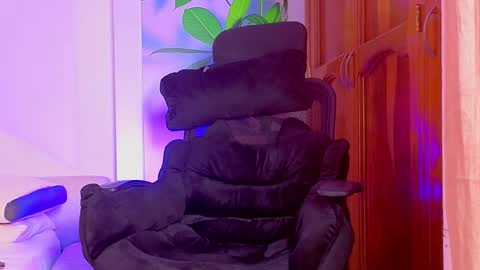 tattokoi online show from November 22, 1:37 am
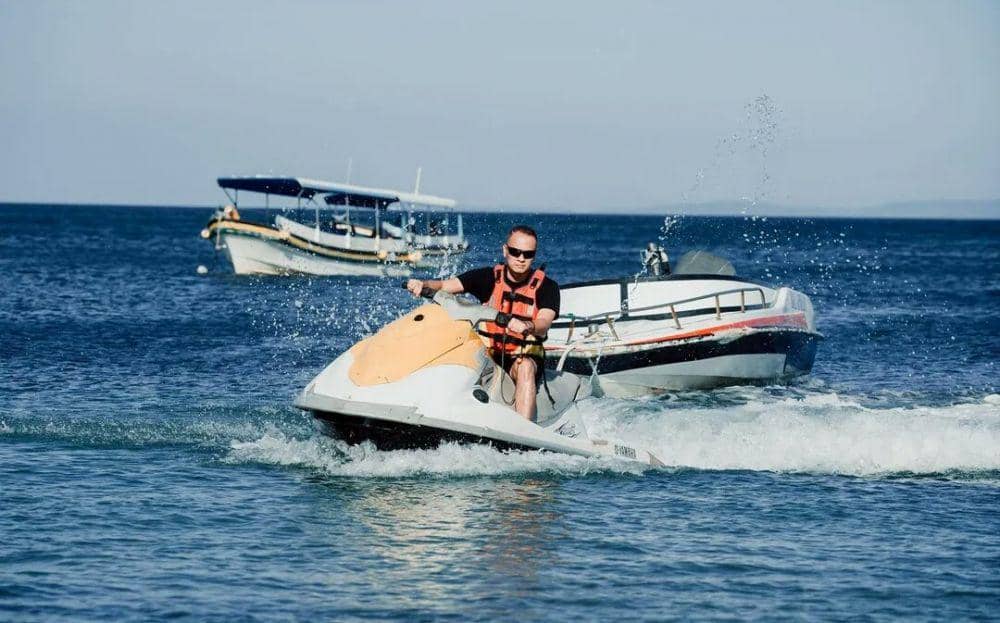 9 Potret Andra Ramadhan Bermain Jet Ski, Masih Bugar di Usia 49 Tahun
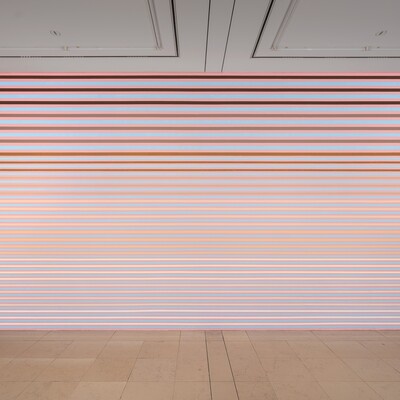 Puppies Puppies (Jade Guanaro Kuriki-Olivo), Raquel Willis Black Trans Flag Tribute • Fenty Make-up Foundation Shades • Sol LeWitt • Bridget Riley • Instructional Wall Painting, 2025,  Acryl auf Wand Hamburger Kunsthalle, erworben 2025, Foto: Christoph Irrgang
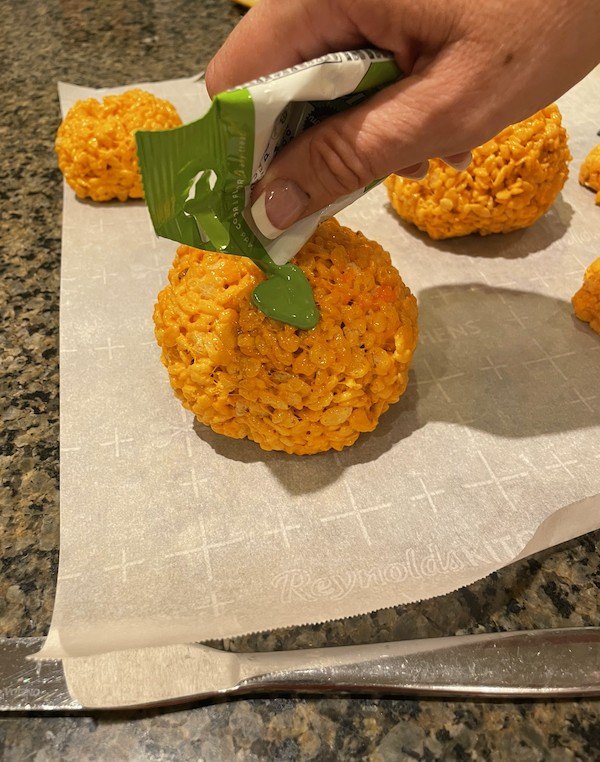 chubby halloween rice krispie pumpkin recipe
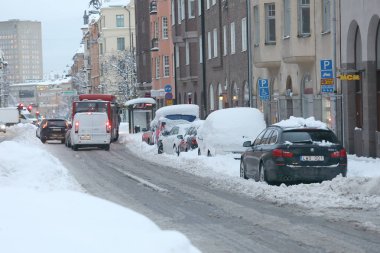 Stockholm, İsveç - 10 Kasım 2016: Kar Merkezi Stockholm trafikte kaos. Arabalar karla kaplı. 10 Kasım 2016 yılında Stockholm, İsveç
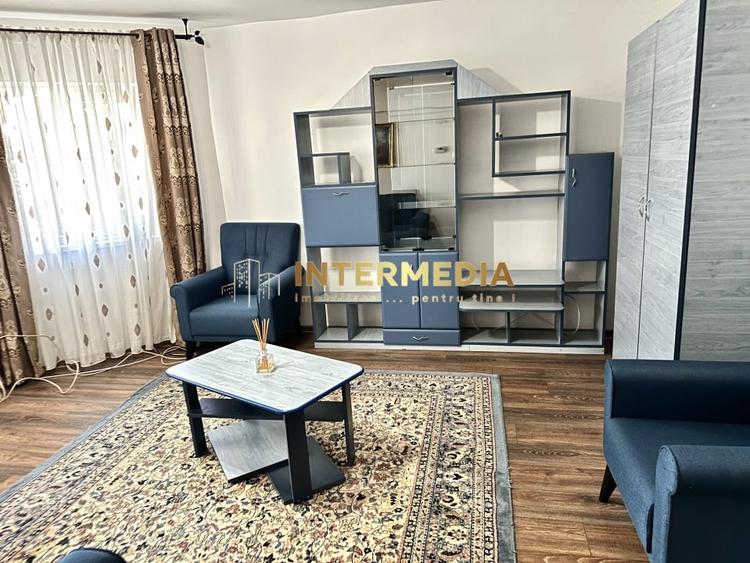 Apartament cu 2 camere decomandat, mobilat în Central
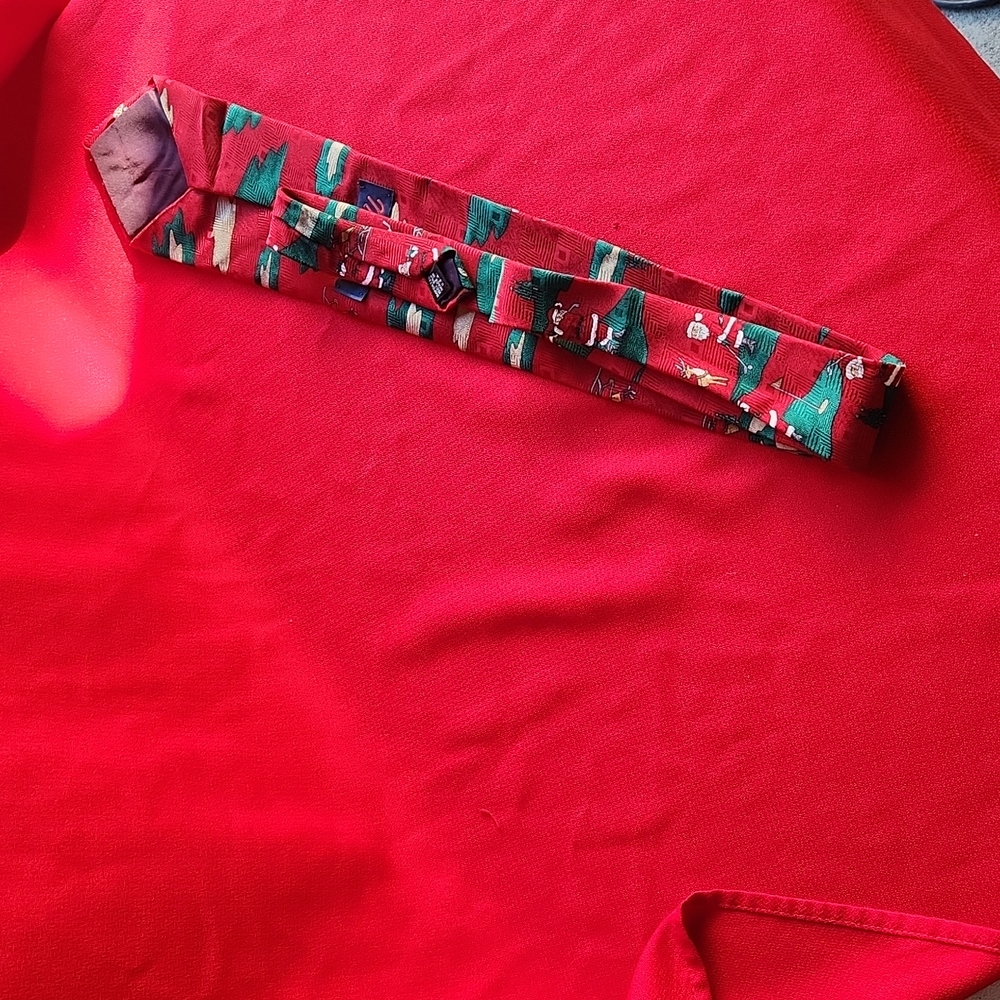 Slik Christmas Tie - Picture 3 of 4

- WHAT THE TASK ASKS: Could you write out the records exactly while omitting every picture?

- SOLUTION TO THE PROBLEM:
 tattokoi online show from November 22, 1:37 am
 9 Potret Andra Ramadhan Bermain Jet Ski, Masih Bugar di Usia 49 Tahun
 Puppies Puppies (Jade Guanaro Kuriki-Olivo), Raquel Willis Black Trans Flag Tribute • Fenty Make-up Foundation Shades • Sol LeWitt • Bridget Riley • Instructional Wall Painting, 2025,  Acryl auf Wand Hamburger Kunsthalle, erworben 2025, Foto: Christoph Irrgang
 chubby halloween rice krispie pumpkin recipe
 Stockholm, İsveç - 10 Kasım 2016: Kar Merkezi Stockholm trafikte kaos. Arabalar karla kaplı. 10 Kasım 2016 yılında Stockholm, İsveç
 Apartament cu 2 camere decomandat, mobilat în Central
 Slik Christmas Tie - Picture 3 of 4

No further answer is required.